Odd warning and issues with optimization only when inside Optimization.jl. Zygote.hessian works fine

Hareruya · October 30, 2024, 1:08am

Greetings, everyone.

Apologies if the query is too basic, as it does not impede optimization in one case. I have graduated from my PhD program and have gotten a job at a company that offers me freedom in what programming language I am allowed to use in my projects. I elected to use Julia both for my passion for the language and for the thorough integration of the AD methods in the language allowing me to calculate derivatives for general Julia code rather easily*.

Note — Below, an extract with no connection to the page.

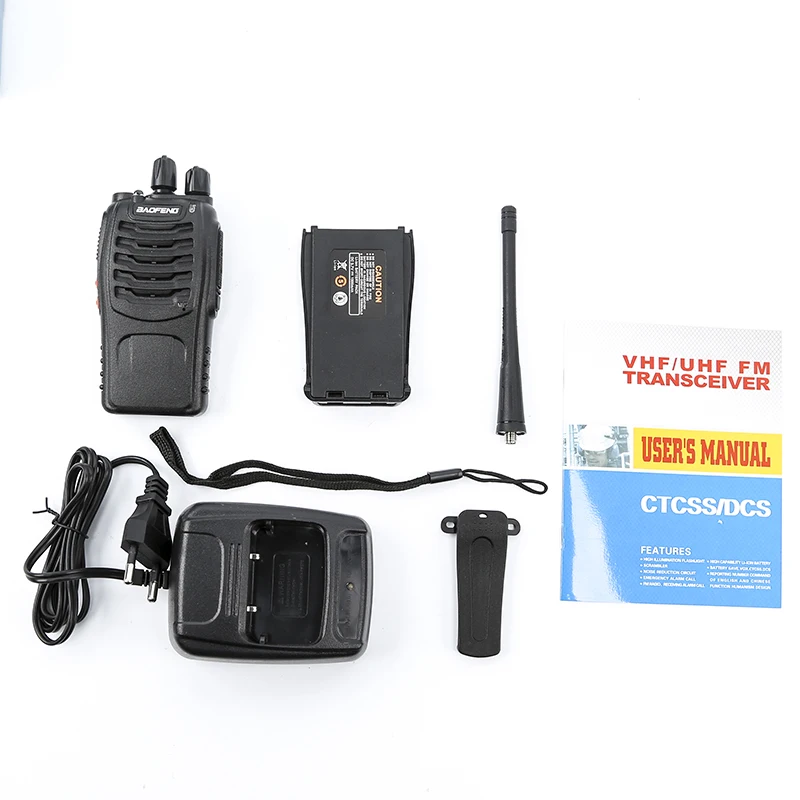  UHF иди и болтай walkie talkie “иди 400-470mhz Baofeng bf 888s двухстороннее радио baofeng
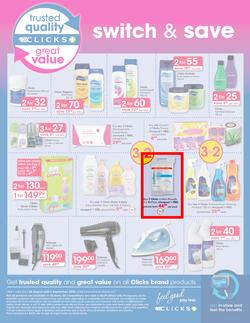 Clicks : You Pay Less (22 Aug - 5 Sept 2019), page 56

In my program, the number of parameters is rather small and their range constrained, so the use of a second order method such as IPNewton with constraints has worked rather well in one case. My code was most extensively tested against Zygote and has definitions for ForwardDiff duals, so there should be no issue. Calling the Zygote.hessian directly does not cause any warnings and is really fast.

However, whenever I perform optimization I get this warning that I can’t seem to find the specific documentation as to what this means:

Warning: The selected optimization algorithm requires second order derivatives, but `AutoZygote` ADtype was provided. So a `SecondOrder` with `AutoZygote` for inner and `AutoForwardDiff` for outer will be created, for choosing another pair an explicit `SecondOrder` ADType is recommended.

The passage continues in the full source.